Instructions for the task> Could you transcribe all the entries exactly, omitting the pictures?

[Short descriptive text snippets]
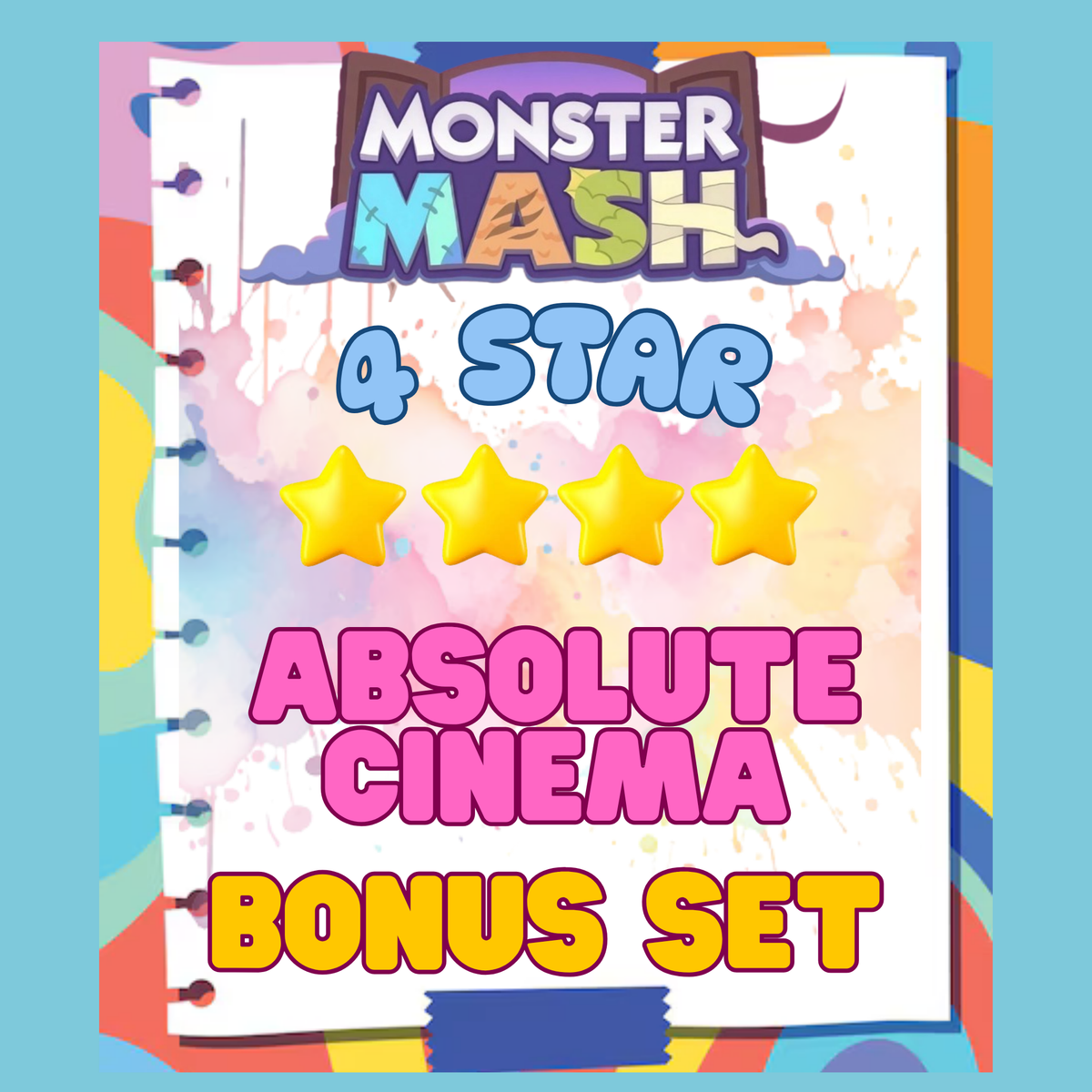 ABSOLUTE CINEMA- BONUS SET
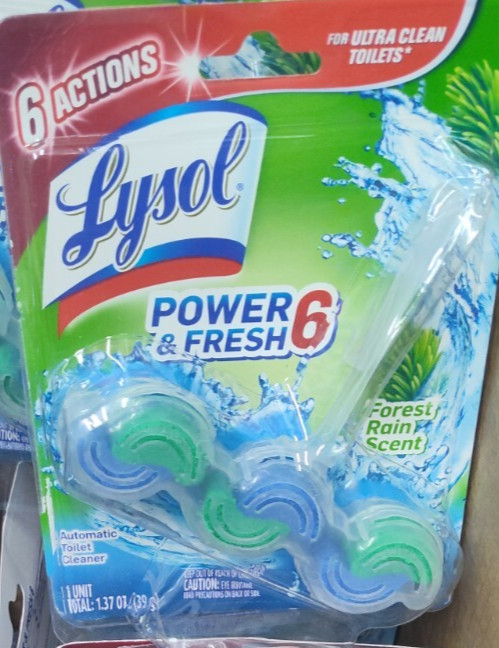 DISCONTINUED Lysol Automatic Toilet Bowl Cleaner Power & Fresh Forest Rain 6 Ct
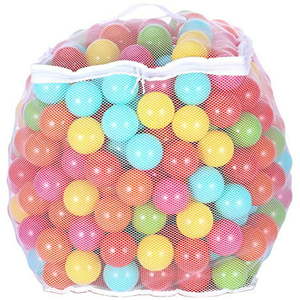 lot 71312 image: BalanceFrom Fitness 2.3 In 400 Crush Proof Play Pit Balls with Storage Bag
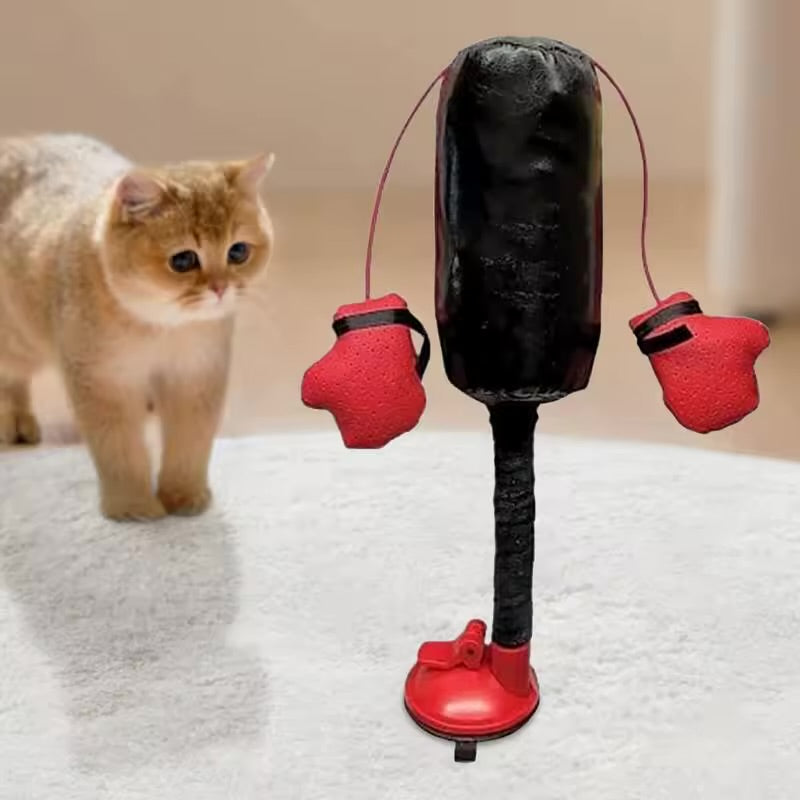 PawRage™ Portable Cat Punching Bag Toy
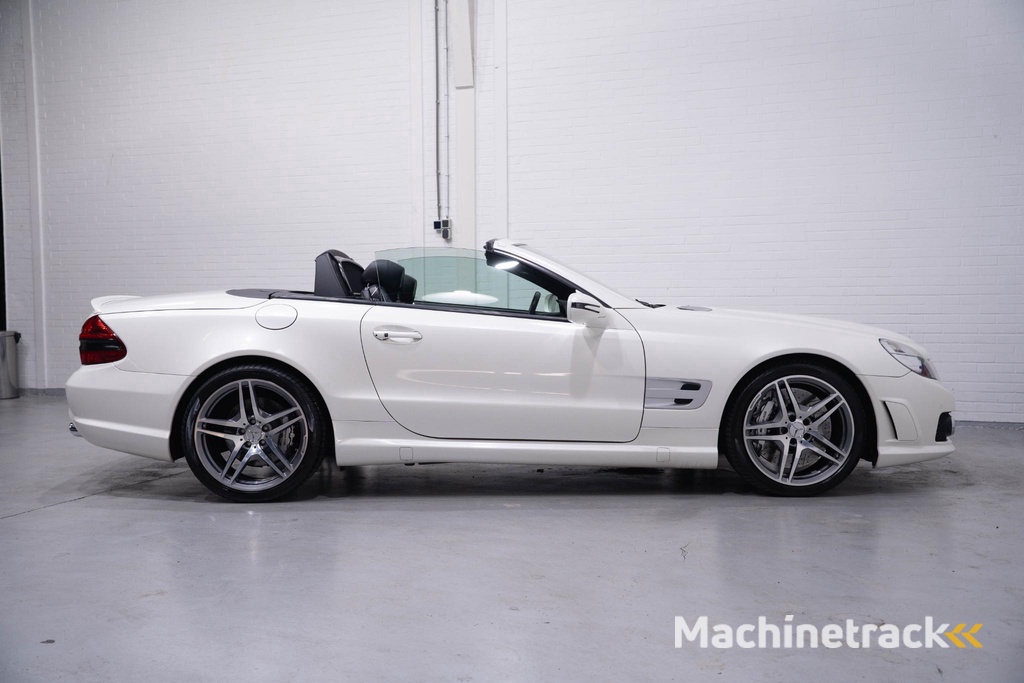 Mercedes-Benz SL-klasse AMG 63 Distronic Harman Kardon Bi-Xenon Stoelverwarming/ventilatie/memory Panorama-variodak
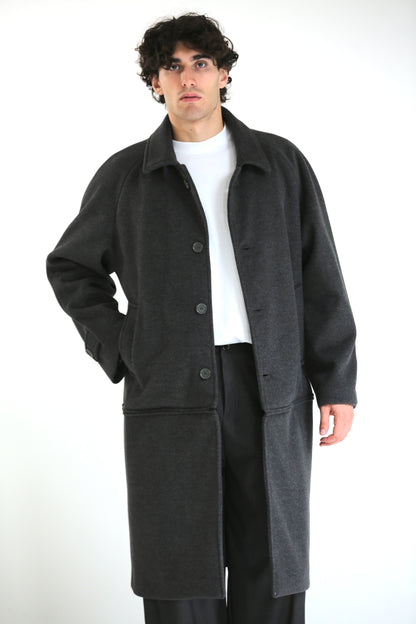 Cappotto lungo/corto panno grigio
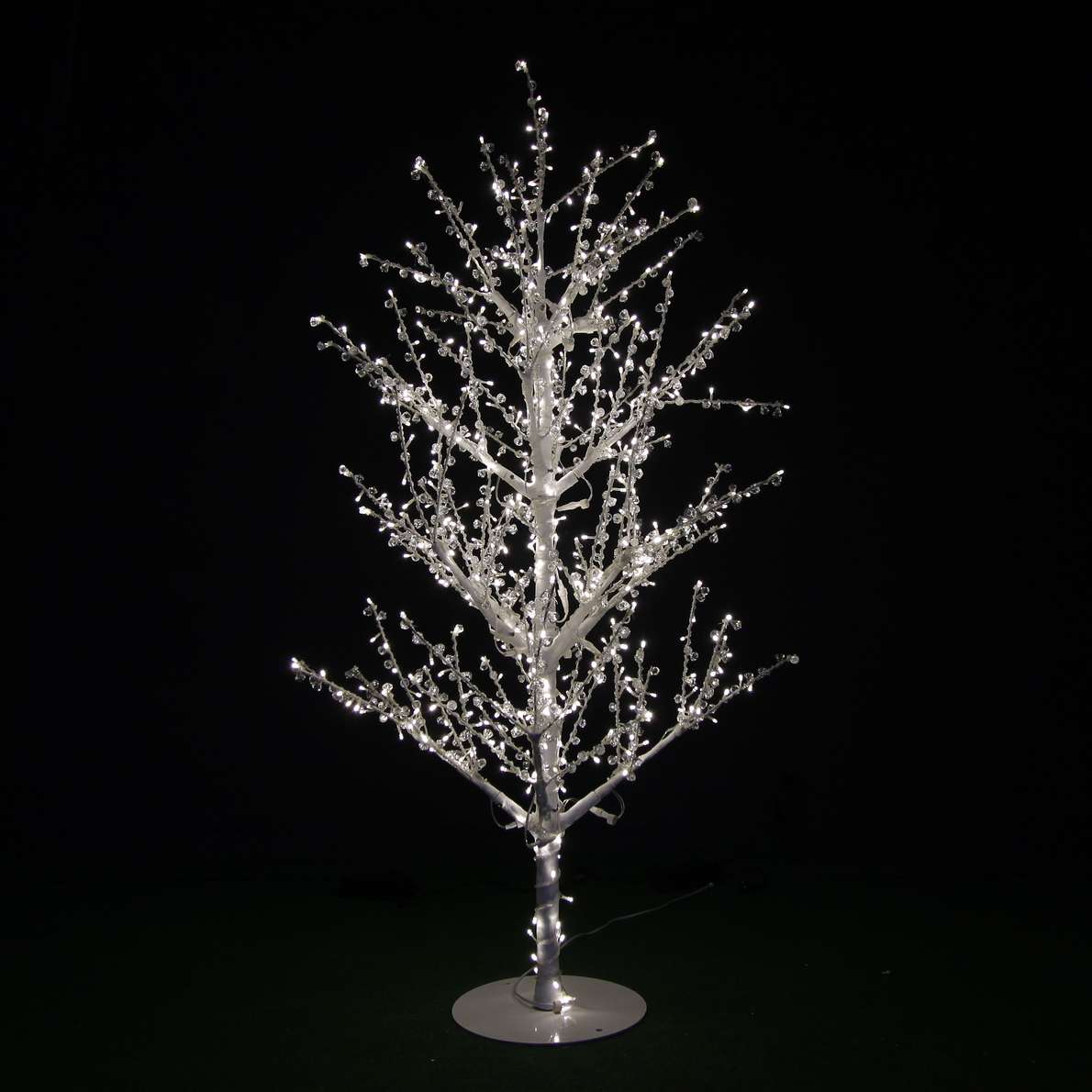 Crystal Jeweled White Trees 6′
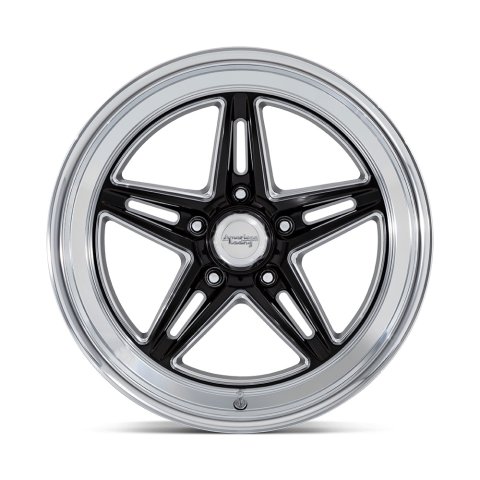 Wheel - Groove - 18 x 8 in - 4.500 in Backspace - 5 x 4.75 in Bolt Pattern - Aluminum - Black Paint / Machined Center - Machined Lip - Each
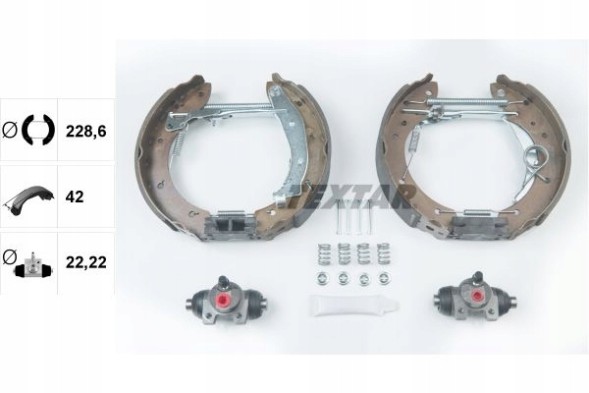 Textar 84052900 Set of brake jaws citroen berlingo/xsara 96-11 sets with cylinders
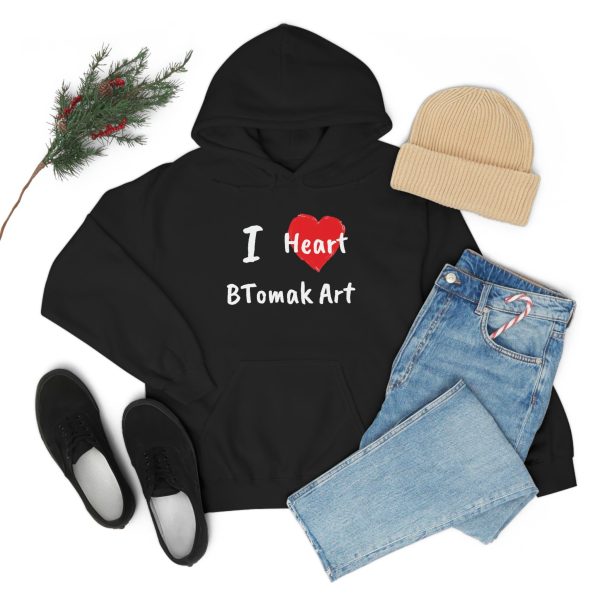 I Heart BTomak Art Unisex Heavy Blend™ Hooded Sweatshirt Online Hot Sale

Expected answer>
 ABSOLUTE CINEMA- BONUS SET
 DISCONTINUED Lysol Automatic Toilet Bowl Cleaner Power & Fresh Forest Rain 6 Ct
 lot 71312 image: BalanceFrom Fitness 2.3 In 400 Crush Proof Play Pit Balls with Storage Bag
 PawRage™ Portable Cat Punching Bag Toy
 Mercedes-Benz SL-klasse AMG 63 Distronic Harman Kardon Bi-Xenon Stoelverwarming/ventilatie/memory Panorama-variodak
 Cappotto lungo/corto panno grigio
 Crystal Jeweled White Trees 6′
 Wheel - Groove - 18 x 8 in - 4.500 in Backspace - 5 x 4.75 in Bolt Pattern - Aluminum - Black Paint / Machined Center - Machined Lip - Each
 Textar 84052900 Set of brake jaws citroen berlingo/xsara 96-11 sets with cylinders
 I Heart BTomak Art Unisex Heavy Blend™ Hooded Sweatshirt Online Hot Sale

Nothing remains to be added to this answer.